··· Listed entries ···

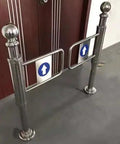 Built Solid Stainless Steel One Way Swing Gate Spring Loaded Auto Closing Security Door No Nonsense Traffic Flow For Busy Retail Shops And Industrial Warehouses, showing a polished stainless steel gate with directional arrows.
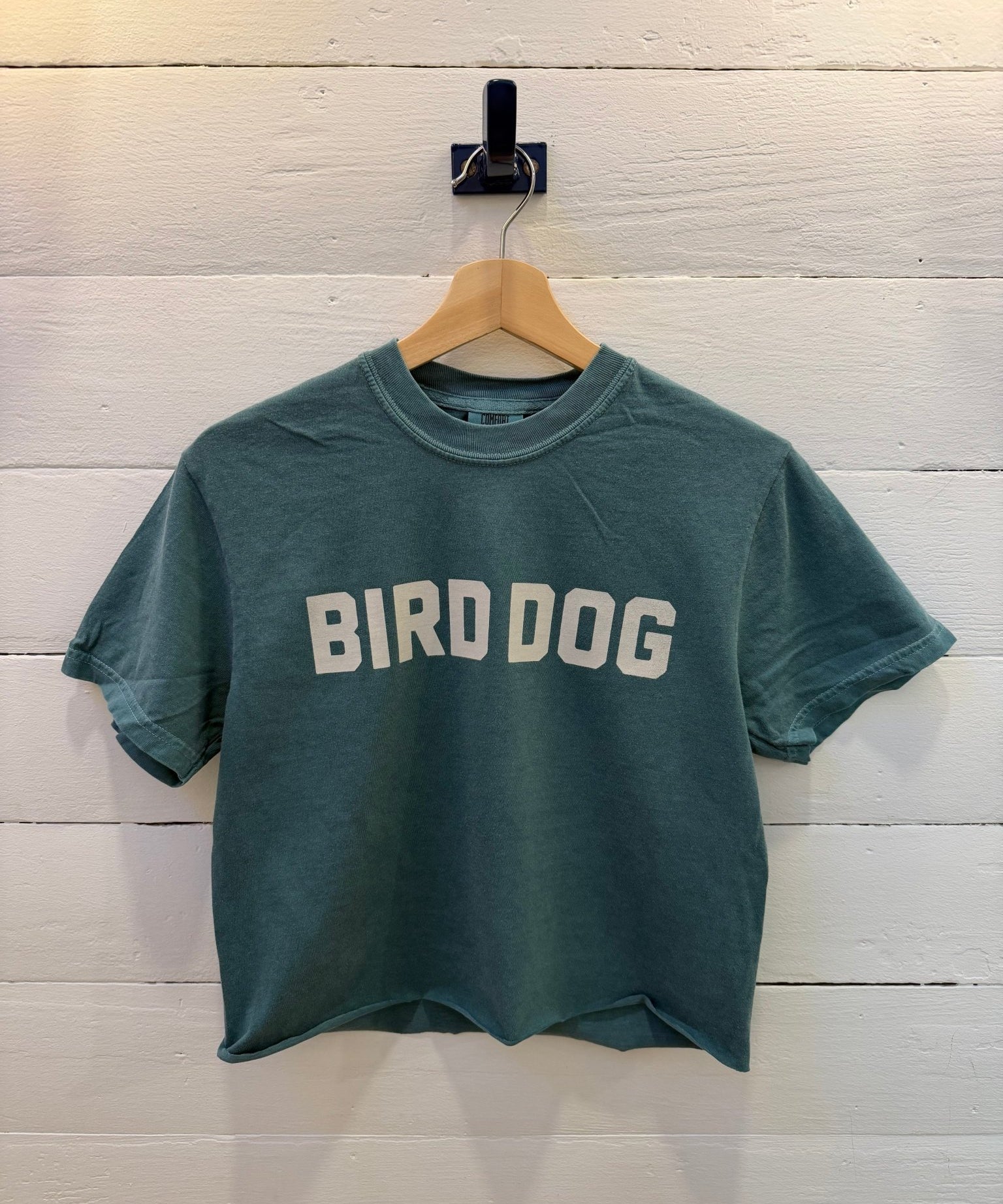 Emerald Bird Dog Honor Crop Ballad of the Bird Dog T-shirt with the text “BIRD DOG” printed in white across the chest.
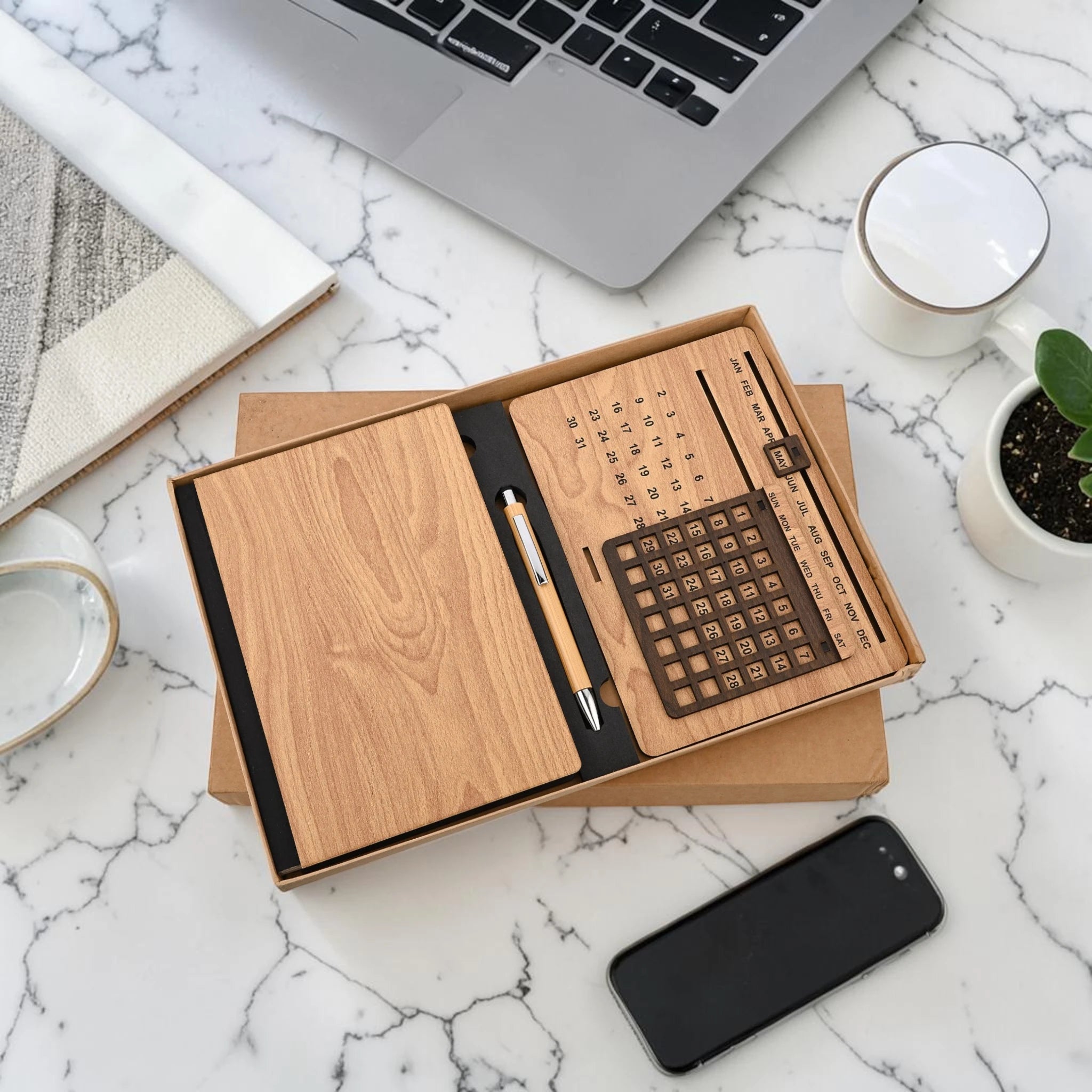 Wooden stationery set with pen, notepad, and ruler on a marble desk with laptop and phone.
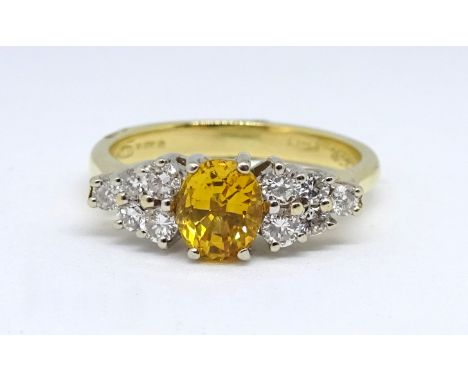 An 18ct yellow sapphire and diamond ring, size K.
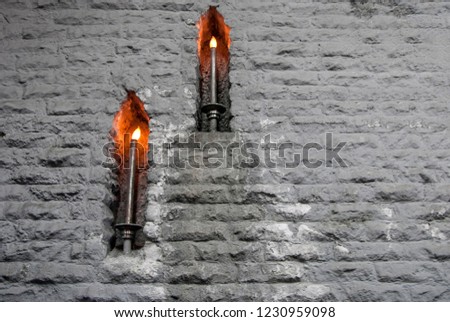 Burning candles on the stone wall in old castle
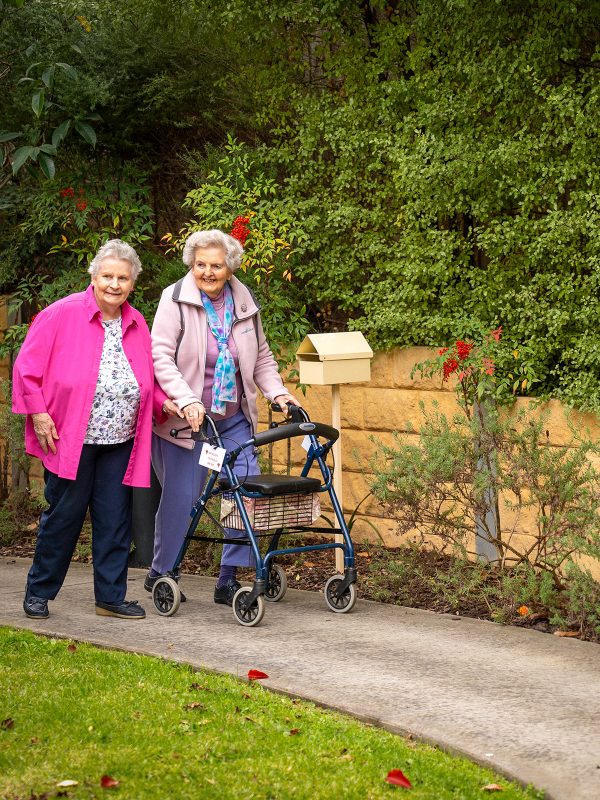 BAPTCARE STRATHALAN two residents taking a walk outside in Strathalan area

···

:: Exercise prompt ::
Leave the pictures out and print the records above exactly as they stand.

:: Your solution ::
 Built Solid Stainless Steel One Way Swing Gate Spring Loaded Auto Closing Security Door No Nonsense Traffic Flow For Busy Retail Shops And Industrial Warehouses, showing a polished stainless steel gate with directional arrows.
 Emerald Bird Dog Honor Crop Ballad of the Bird Dog T-shirt with the text “BIRD DOG” printed in white across the chest.
 Wooden stationery set with pen, notepad, and ruler on a marble desk with laptop and phone.
 An 18ct yellow sapphire and diamond ring, size K.
 Burning candles on the stone wall in old castle
 BAPTCARE STRATHALAN two residents taking a walk outside in Strathalan area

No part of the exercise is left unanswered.